Samsung Introduces TLC SSD
Samsung on Monday introduced a new “840” SSD series which reviewers have found is based on TLC flash.
Oddly enough the press release for this product seems only to have been distributed in Korea to reviewers who attended a special introduction of the device. The SSD Guy has not been given the specifications presented at the event, and had to ask Samsung for a copy of the press release.
The press release focuses on the product’s 100,000 read IOPS, that it comes in two versions, the “Pro” model for the enterprise and another model for client applications, and the fact that the controller uses a new design based on three ARM cores. A read IOPS figure of 100,000 is very high performance for a SATA drive! One has to wonder if the client market will be able to distinguish between this level of performance and drives with fewer than 10,000 IOPS.
Other specifications had to be found through web searches of news items and blog posts by those who actually attended the event.
What I have been able to glean from reports of the reviewers who were flown to Korea for the launch is that the product has very fast specifications. The client drive is also the first SSD to use TLC flash.
That’s a big deal. TLC is hard to manage and has never before been used in an SSD. Samsung didn’t find this distinction worth including in the press release, perhaps because so few industry observers and participants believe that TLC can be used to build a reliable SSD.
Let’s explore that a little bit.
The graphic in this post has been put together to introduce readers to the difficulty of accurately reading data out of TLC flash. Here we have a microscope laid on top of eight equal size boxes, each representing a voltage level in the flash – TLC flash stores three bits per cell by using eight voltage levels. (Purists argue that this implies that it shouldn’t be called TLC for Three-Level Cell or Triple-Level Cell, but The SSD Guy won’t address that debate in this post.)
Sitting at your desk it is a little slow to determine which box some part of the microscope, like the focus knob, is in. It would be quicker and the answer would be more certain if the background had half as many boxes, which would represent the four voltage levels of MLC, and your decision would be even faster (and the results even more certain) using only two boxes, one upper and one lower, like SLC flash.
Digressing a little, let’s look at what process shrinks do to this: Move across your office and try the same exercise. Which box is the mirror in? Now move twice as far away and try to determine which box the center of the stage is over. Each time a new process geometry is introduced it’s equivalent to doubling your distance from the graphic.
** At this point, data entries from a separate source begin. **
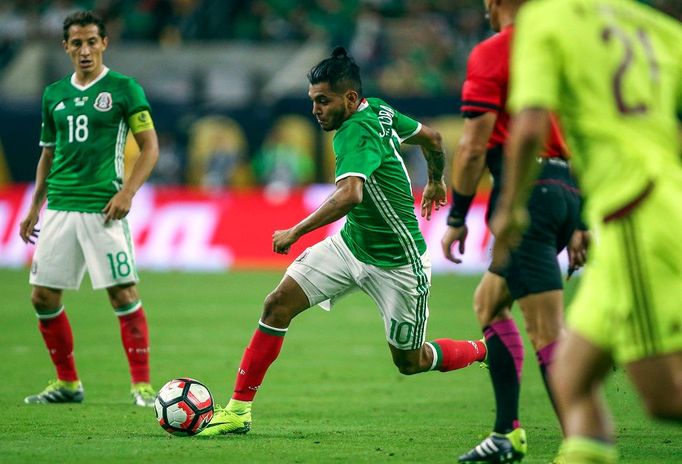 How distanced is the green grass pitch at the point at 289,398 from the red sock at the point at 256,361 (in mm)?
273

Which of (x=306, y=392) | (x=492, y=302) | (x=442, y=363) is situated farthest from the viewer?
(x=306, y=392)

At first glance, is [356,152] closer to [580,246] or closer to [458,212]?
[458,212]

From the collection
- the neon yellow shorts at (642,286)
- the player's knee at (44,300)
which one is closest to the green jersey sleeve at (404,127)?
the player's knee at (44,300)

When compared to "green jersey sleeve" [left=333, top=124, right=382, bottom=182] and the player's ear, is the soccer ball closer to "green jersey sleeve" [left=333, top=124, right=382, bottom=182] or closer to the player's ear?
"green jersey sleeve" [left=333, top=124, right=382, bottom=182]

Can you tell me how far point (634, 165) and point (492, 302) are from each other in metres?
2.25

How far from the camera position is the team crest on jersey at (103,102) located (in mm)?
8516

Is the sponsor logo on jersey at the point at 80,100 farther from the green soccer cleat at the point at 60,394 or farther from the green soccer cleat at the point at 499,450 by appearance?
the green soccer cleat at the point at 499,450

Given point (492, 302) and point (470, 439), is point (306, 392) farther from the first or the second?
point (492, 302)

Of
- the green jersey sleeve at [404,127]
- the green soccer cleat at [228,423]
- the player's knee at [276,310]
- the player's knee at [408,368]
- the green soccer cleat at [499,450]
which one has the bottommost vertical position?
the green soccer cleat at [499,450]

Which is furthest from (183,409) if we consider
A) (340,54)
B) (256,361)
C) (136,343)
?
(340,54)

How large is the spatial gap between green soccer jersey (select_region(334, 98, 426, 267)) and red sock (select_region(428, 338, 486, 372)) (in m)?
0.67

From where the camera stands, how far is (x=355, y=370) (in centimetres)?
1036

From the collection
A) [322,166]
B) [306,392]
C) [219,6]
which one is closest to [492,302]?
[306,392]

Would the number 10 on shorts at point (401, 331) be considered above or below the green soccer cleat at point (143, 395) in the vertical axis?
above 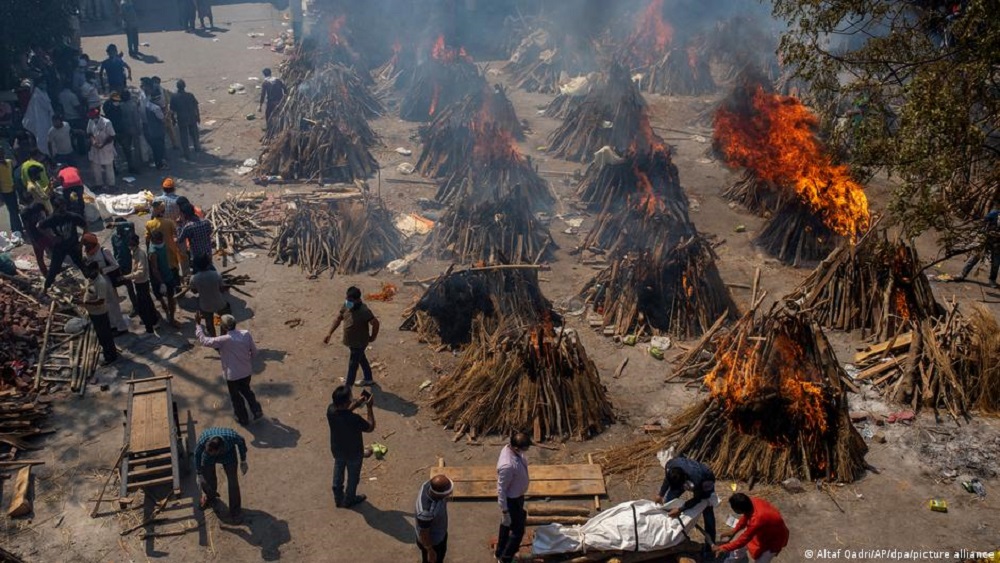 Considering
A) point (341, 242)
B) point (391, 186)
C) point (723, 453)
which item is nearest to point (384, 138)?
point (391, 186)

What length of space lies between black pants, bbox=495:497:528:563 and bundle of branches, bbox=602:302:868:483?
6.31ft

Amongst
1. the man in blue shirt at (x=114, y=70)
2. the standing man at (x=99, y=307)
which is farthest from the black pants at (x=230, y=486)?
the man in blue shirt at (x=114, y=70)

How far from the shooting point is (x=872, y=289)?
12391 millimetres

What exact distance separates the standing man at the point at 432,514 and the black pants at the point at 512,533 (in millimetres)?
633

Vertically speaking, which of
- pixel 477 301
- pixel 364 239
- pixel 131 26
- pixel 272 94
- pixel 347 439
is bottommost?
pixel 347 439

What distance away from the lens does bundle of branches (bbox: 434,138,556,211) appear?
16.6 m

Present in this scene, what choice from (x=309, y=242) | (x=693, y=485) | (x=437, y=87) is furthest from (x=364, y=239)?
(x=437, y=87)

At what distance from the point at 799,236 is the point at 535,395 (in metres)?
7.32

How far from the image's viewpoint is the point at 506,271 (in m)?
12.1

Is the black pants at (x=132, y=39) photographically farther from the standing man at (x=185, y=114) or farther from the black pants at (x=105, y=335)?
the black pants at (x=105, y=335)

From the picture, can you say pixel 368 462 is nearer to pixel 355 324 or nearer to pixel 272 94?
pixel 355 324

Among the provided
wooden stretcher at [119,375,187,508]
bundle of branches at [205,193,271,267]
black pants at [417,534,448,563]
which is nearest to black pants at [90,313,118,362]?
wooden stretcher at [119,375,187,508]

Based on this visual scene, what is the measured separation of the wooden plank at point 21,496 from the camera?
28.3 feet

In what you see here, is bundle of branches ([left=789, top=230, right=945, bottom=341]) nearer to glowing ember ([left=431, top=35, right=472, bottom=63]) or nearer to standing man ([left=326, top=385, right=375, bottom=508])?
standing man ([left=326, top=385, right=375, bottom=508]) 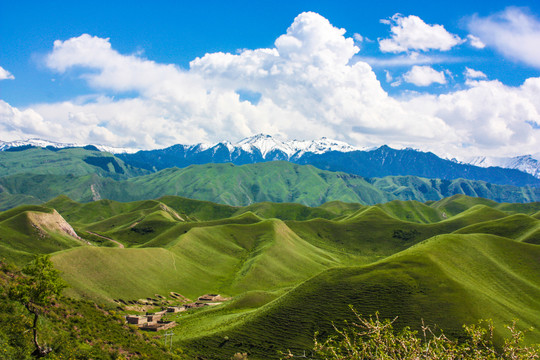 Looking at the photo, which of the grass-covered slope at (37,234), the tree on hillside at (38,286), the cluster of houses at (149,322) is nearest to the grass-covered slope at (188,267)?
the cluster of houses at (149,322)

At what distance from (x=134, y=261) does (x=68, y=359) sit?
9639cm

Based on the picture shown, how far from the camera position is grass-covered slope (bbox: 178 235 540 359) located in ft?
235

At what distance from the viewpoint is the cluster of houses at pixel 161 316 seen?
8406 cm

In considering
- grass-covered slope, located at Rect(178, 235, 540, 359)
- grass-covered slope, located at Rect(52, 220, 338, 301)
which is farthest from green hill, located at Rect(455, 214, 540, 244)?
grass-covered slope, located at Rect(178, 235, 540, 359)

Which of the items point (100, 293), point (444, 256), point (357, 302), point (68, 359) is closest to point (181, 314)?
point (100, 293)

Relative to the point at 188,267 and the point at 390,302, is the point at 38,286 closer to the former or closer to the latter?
the point at 390,302

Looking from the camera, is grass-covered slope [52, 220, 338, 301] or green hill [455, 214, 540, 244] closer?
grass-covered slope [52, 220, 338, 301]

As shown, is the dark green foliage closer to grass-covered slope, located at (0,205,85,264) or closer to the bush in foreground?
the bush in foreground

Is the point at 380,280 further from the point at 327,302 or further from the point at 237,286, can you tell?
the point at 237,286

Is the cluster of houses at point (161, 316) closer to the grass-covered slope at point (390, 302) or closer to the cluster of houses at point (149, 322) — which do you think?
the cluster of houses at point (149, 322)

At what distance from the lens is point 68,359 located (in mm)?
41531

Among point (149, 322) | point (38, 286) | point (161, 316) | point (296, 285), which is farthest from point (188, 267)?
point (38, 286)

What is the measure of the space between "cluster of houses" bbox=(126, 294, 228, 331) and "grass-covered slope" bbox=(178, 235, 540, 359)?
7.16m

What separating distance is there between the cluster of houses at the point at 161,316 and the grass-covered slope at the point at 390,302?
23.5 feet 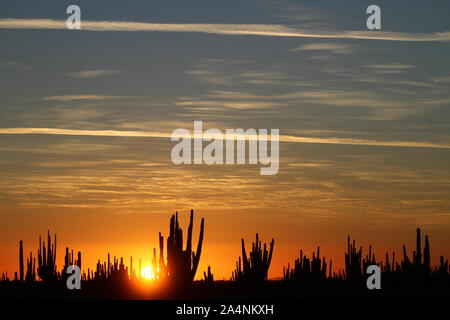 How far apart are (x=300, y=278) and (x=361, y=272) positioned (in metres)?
2.69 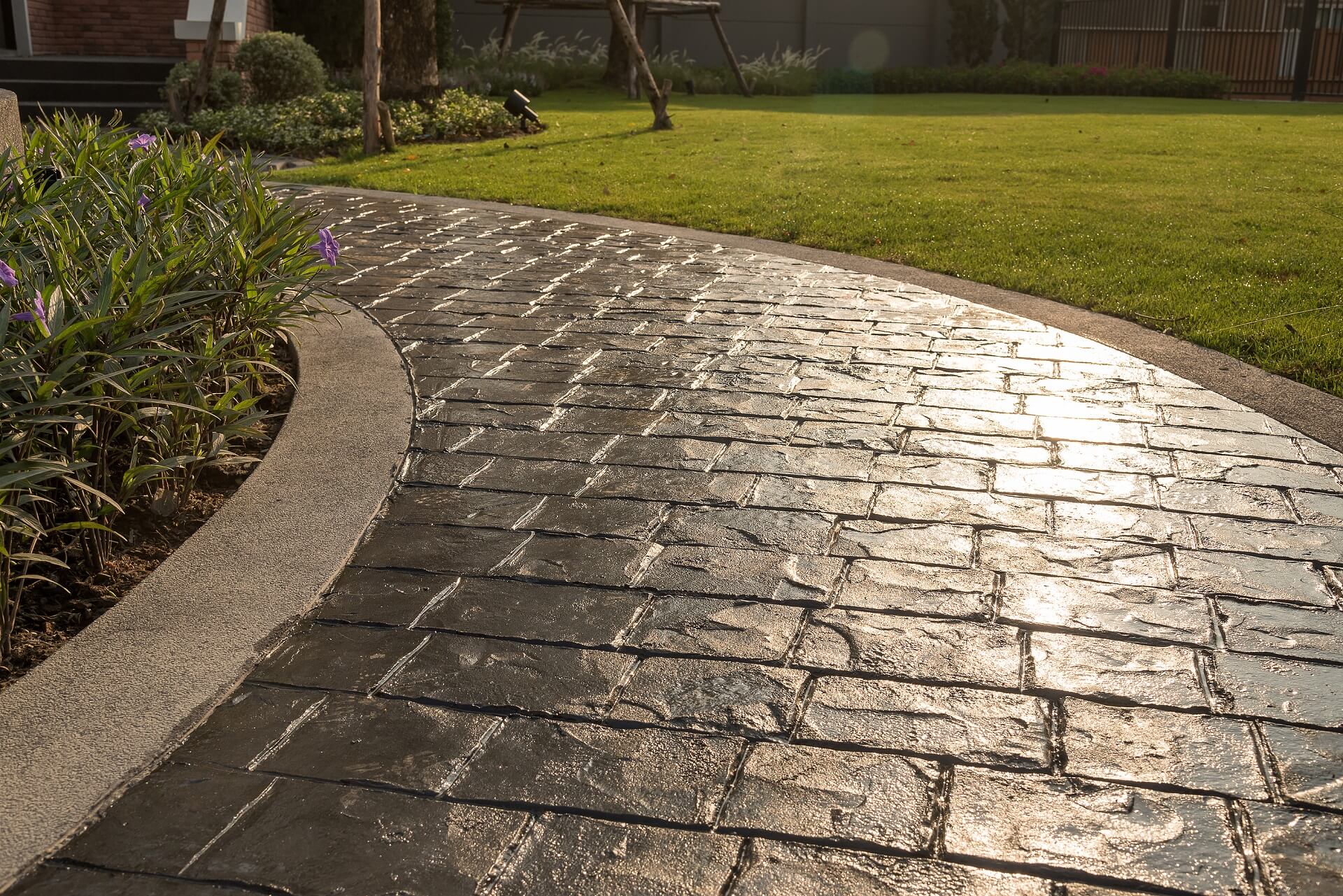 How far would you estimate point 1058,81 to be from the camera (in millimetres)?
22469

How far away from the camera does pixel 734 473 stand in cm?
→ 390

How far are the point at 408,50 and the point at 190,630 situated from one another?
41.0 feet

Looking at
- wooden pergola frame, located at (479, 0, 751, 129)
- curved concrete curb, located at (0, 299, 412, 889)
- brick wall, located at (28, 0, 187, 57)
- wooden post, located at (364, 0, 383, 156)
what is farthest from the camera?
brick wall, located at (28, 0, 187, 57)

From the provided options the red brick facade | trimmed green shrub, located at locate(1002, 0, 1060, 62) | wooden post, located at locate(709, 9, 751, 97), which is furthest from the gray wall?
the red brick facade

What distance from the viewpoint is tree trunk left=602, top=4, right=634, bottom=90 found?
20812mm

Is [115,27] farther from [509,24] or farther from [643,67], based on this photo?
[643,67]

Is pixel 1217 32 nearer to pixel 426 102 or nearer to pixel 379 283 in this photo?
pixel 426 102

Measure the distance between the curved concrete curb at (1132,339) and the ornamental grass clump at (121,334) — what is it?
3472mm

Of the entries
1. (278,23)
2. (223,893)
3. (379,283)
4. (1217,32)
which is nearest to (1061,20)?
(1217,32)

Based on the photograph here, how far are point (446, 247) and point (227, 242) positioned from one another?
3646 millimetres

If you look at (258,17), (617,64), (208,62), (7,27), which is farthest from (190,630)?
(617,64)

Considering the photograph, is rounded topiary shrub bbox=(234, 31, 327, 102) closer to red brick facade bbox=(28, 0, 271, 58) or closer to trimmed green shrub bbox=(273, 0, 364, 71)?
red brick facade bbox=(28, 0, 271, 58)

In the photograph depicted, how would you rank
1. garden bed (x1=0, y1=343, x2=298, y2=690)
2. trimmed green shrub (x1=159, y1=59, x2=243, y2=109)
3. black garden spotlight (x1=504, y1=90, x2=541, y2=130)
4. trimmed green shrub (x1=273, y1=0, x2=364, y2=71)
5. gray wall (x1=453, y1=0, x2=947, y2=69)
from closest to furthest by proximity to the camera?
garden bed (x1=0, y1=343, x2=298, y2=690) → trimmed green shrub (x1=159, y1=59, x2=243, y2=109) → black garden spotlight (x1=504, y1=90, x2=541, y2=130) → trimmed green shrub (x1=273, y1=0, x2=364, y2=71) → gray wall (x1=453, y1=0, x2=947, y2=69)

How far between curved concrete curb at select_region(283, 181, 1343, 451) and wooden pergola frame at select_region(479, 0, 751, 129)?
5970mm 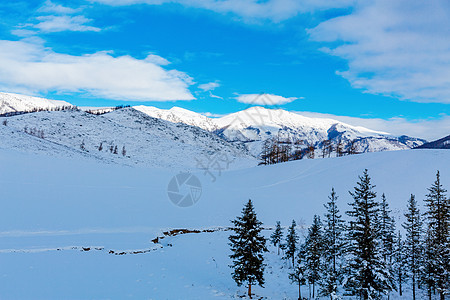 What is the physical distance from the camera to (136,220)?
32.4 m

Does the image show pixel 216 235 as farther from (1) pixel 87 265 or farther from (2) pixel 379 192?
(2) pixel 379 192

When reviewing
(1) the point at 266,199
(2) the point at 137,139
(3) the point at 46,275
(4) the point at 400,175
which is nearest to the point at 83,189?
(3) the point at 46,275

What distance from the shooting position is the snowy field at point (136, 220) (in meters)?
16.9

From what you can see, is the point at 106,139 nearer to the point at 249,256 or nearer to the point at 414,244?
the point at 249,256

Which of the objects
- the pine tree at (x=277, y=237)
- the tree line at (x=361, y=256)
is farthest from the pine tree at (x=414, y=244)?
the pine tree at (x=277, y=237)

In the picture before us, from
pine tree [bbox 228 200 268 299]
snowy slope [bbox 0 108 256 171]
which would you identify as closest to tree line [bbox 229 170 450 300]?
pine tree [bbox 228 200 268 299]

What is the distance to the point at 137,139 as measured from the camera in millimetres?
136125

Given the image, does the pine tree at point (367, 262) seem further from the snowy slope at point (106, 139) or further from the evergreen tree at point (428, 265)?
the snowy slope at point (106, 139)

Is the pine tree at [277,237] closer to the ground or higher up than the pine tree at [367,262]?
closer to the ground

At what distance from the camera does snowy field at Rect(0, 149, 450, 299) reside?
55.4 ft

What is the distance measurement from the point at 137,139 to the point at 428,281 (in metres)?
134

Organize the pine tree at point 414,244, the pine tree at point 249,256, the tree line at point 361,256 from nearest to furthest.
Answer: the tree line at point 361,256 → the pine tree at point 249,256 → the pine tree at point 414,244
Clearly TLC presents new challenges to flash users. Why, then, would anyone want to design TLC into a system? In a nutshell: it’s cheaper than MLC. The die size of a TLC chip is 20-25% smaller than its MLC counterpart, and a smaller die size means a cheaper part. Furthermore, consumer applications are moving to TLC flash, and that means that the economies of scale will eventually make TLC significantly cheaper than MLC. This has occurred with SLC flash which now sells for as much as seven times the price of its MLC counterpart, even though an SLC chip is only about twice as large as the MLC chip. This is driven by the fact that MLC accounts for over 95% of the NAND gigabytes sold today.
In this vein, every application that can migrate to TLC flash will eventually make that move. Although many have argued that TLC will never find its way into SSDs, Samsung has proven that this is not the case. The SSD Guy applauds Samsung on taking this bold step to lead the way into SLC SSDs.
Only yesterday I read a comment from an SSD maker arguing why TLC would never be used in an SSD. This made me reflect on the early days of SSDs (2006-7) when MLC was deemed “unusable” in any SSD. Once MLC-based client SSDs were introduced (2008-9) pundits argued that MLC was “unusable” in enterprise SSDs. Today MLC is common in enterprise SSDs.
The motivation to use TLC is not all that compelling today, but that could change. Today TLC and MLC prices are close to each other, while SLC prices are about 7 times those of MLC (although common sense would lead you to expect 2x – but that’s market dynamics for you!)
Should consumer applications migrate en masse to TLC it would not be even slightly surprising for MLC to rise to 7 times the cost of TLC.
If that happens, SSD makers may find that it makes a lot of sense to replace a certain capacity of MLC with three times as much TLC at a lower total cost: they would stll save money by employing significant overprovisioning to accelerate performance and manage wear (which is discussed in some depth in The SSD Guy’s Friday series on How Controllers Maximize SSD life.)